Former French President Sarkozy In Police Custody Over Illegal Campaign Funding

Former French president Nicolas Sarkozy has been taken into custody at the judicial police station in Nanterre over illegal campaign financing.

He will be questioned over suspected Libyan financing of his 2007 election campaign.

In April 2012, the investigative website Mediapart published a document it said was signed by a senior Libyan official stating that Libya approved a payment of €50m to “support” Sarkozy’s election campaign.

According to Le Monde, this is the first time Sarkozy has been questioned in relation to the investigation, which was launched in April 2013.

RT reports: In 2014, France’s second-largest public television channel, France-3, made waves after airing an audio excerpt from an interview with Muammar Gaddafi. The late Libyan leader claimed that he financed Nicolas Sarkozy’s presidential campaign in 2007.

“It’s me who made him president,” Gaddafi said in an interview recorded in 2011. Gaddafi was speaking in Tripoli in mid-March, just a few days before the first Western strikes that led to his downfall and killing by militias in October, 2011.

Claims that Sarkozy allegedly received backing from Gaddafi first surfaced in 2012, when Mediapart news agency accused him of accepting €50 million from the Libyan leader to fund his 2007 campaign.

The agency published a statement signed by former Libyan Foreign Minister Moussa Koussa asserting that the claim was true.
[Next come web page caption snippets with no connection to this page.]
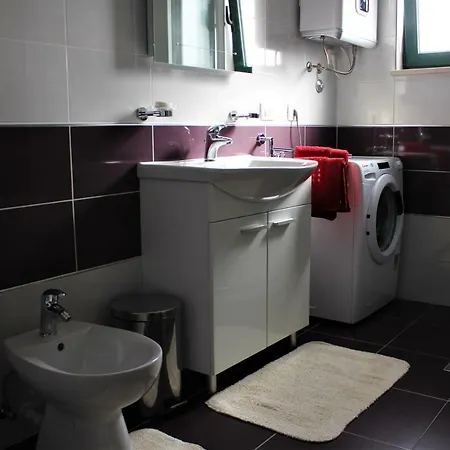 Village Heaven Apartment *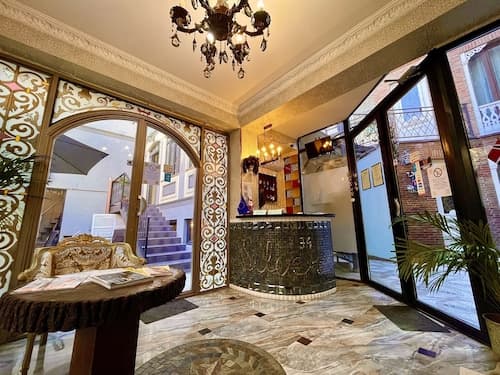 Silver 34 Boutique Hotel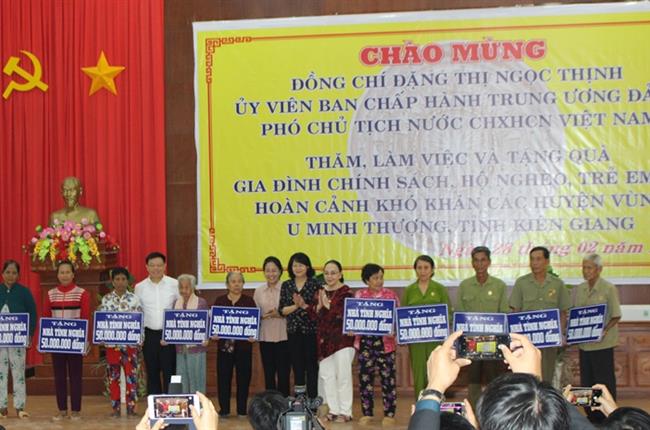 Vietcombank trao tặng 10 căn nhà tình nghĩa trị giá 500 triệu đồng cho gia đình chính sách, hộ nghèo tại tỉnh Kiên Giang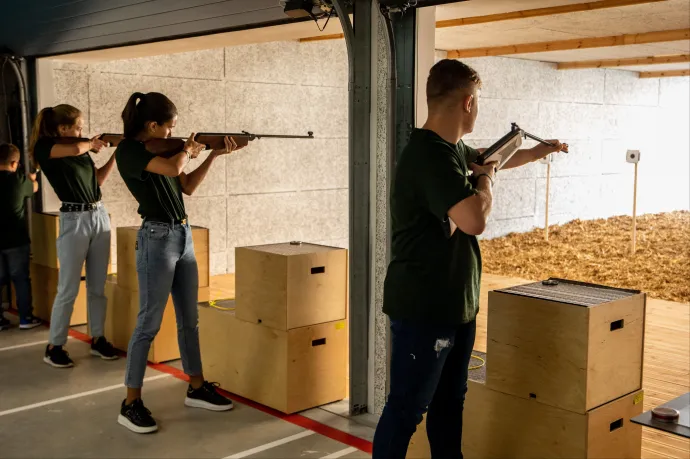 Lőgyakorlaton is részt vehetnek a honvédelem tantárgyat tanuló diákok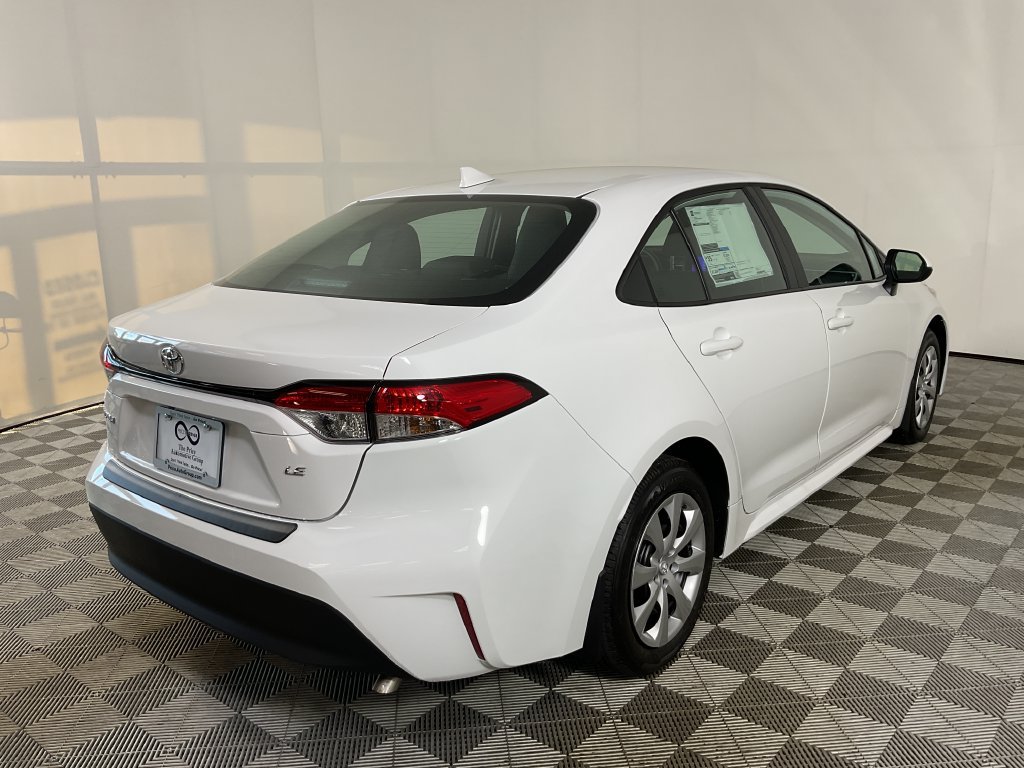 New 2027 Toyota Corolla LE FWD image 8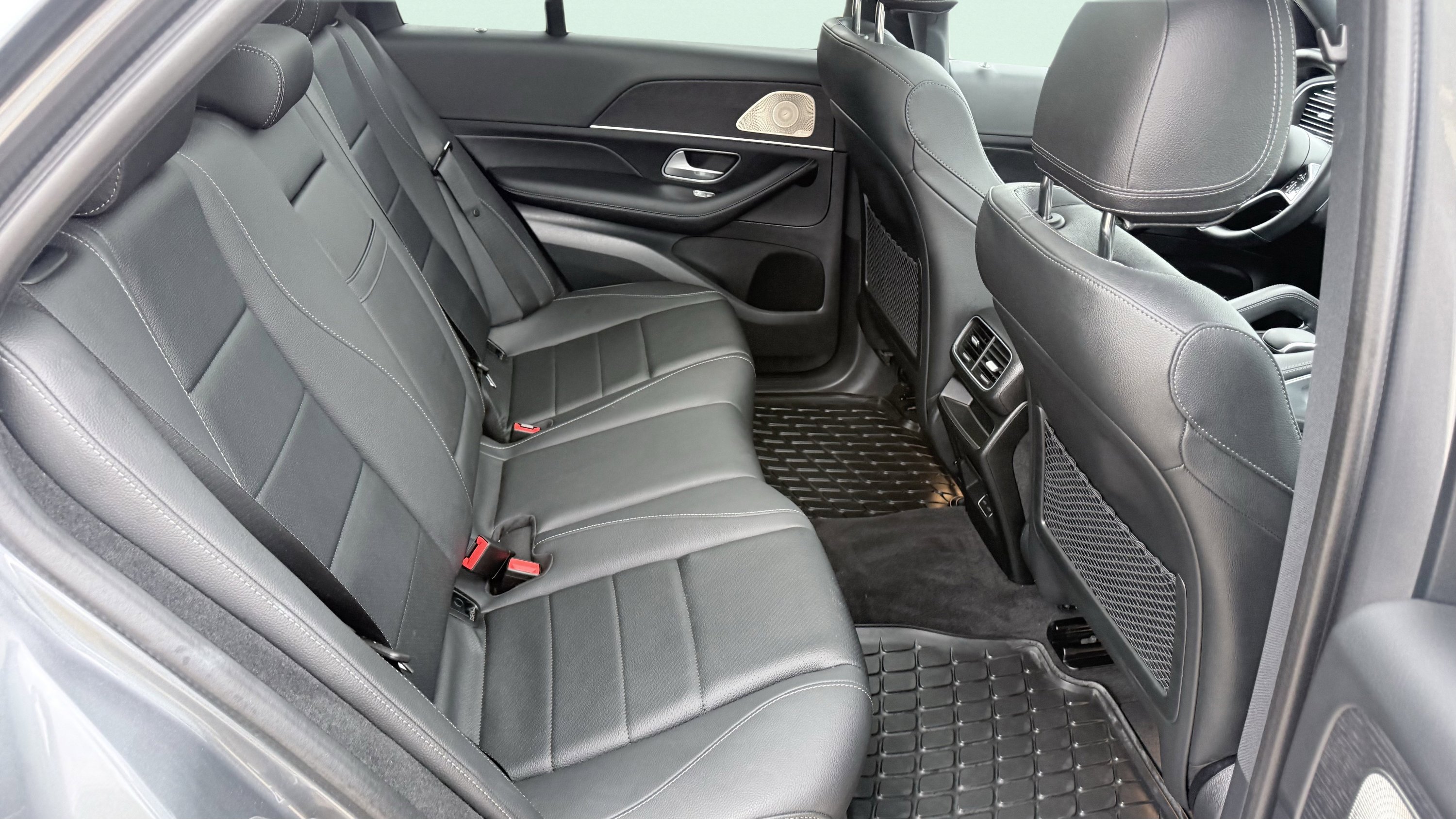 Used 2025 Mercedes-Benz GLE 450e 4MATIC image 38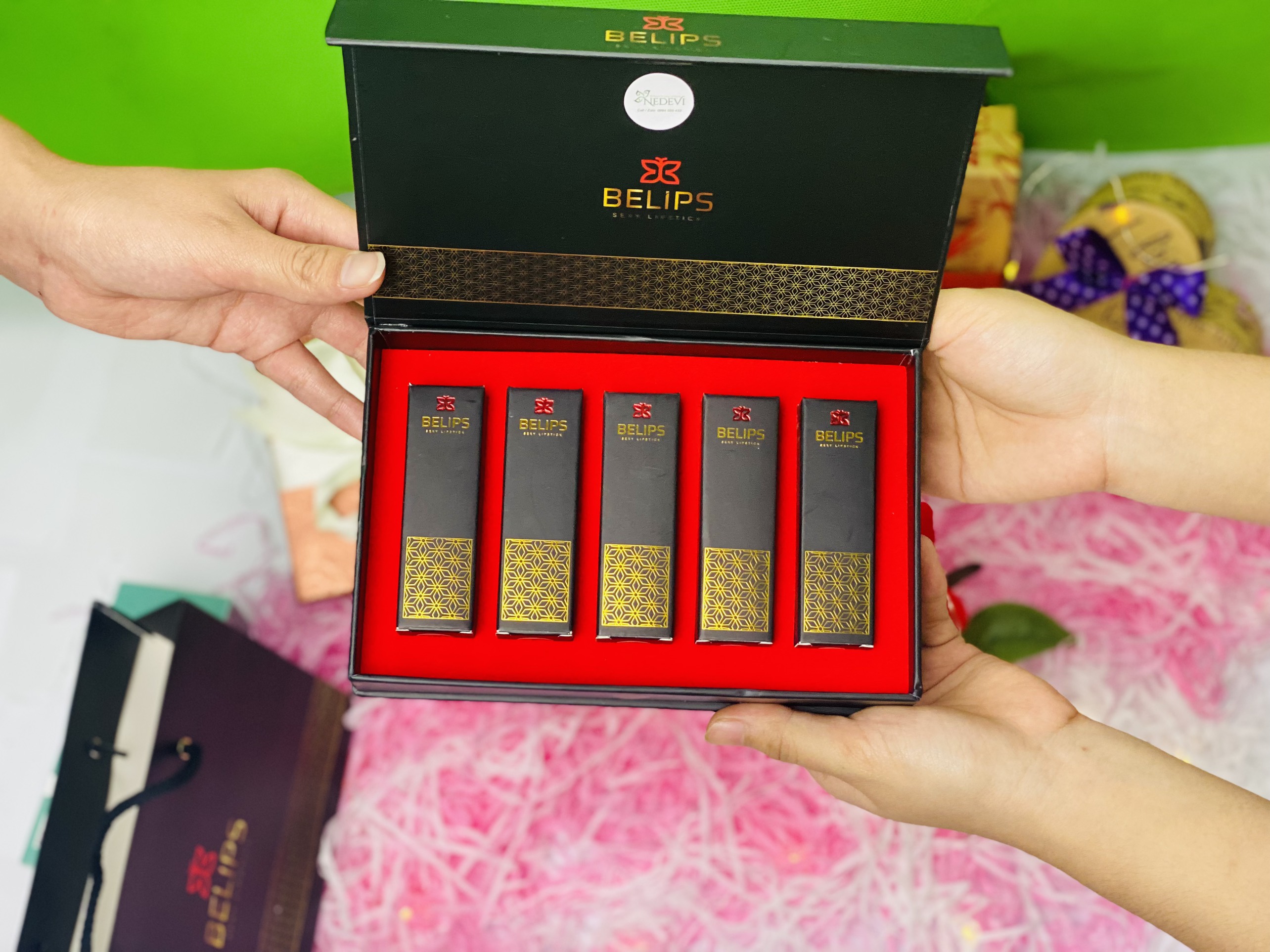 Set son Belips 5 thỏi - Bộ quà tặng yêu thương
Sarkozy accused the organization of slander, dismissing the claims as “grotesque.”

The former president’s alleged ties with Gaddafi came under the spotlight again in November 2016. In an interview with Mediapart, Ziad Takieddine, the man who introduced Nicolas Sarkozy to Muammar Gaddafi, confessed to having brought several suitcases containing €5 million prepared for the Libyan regime to the Ministry of the Interior in late 2006 and early 2007.

“It was a case like that. It opened like this. And the money was inside,” Takieddine said in a film released by Mediapart.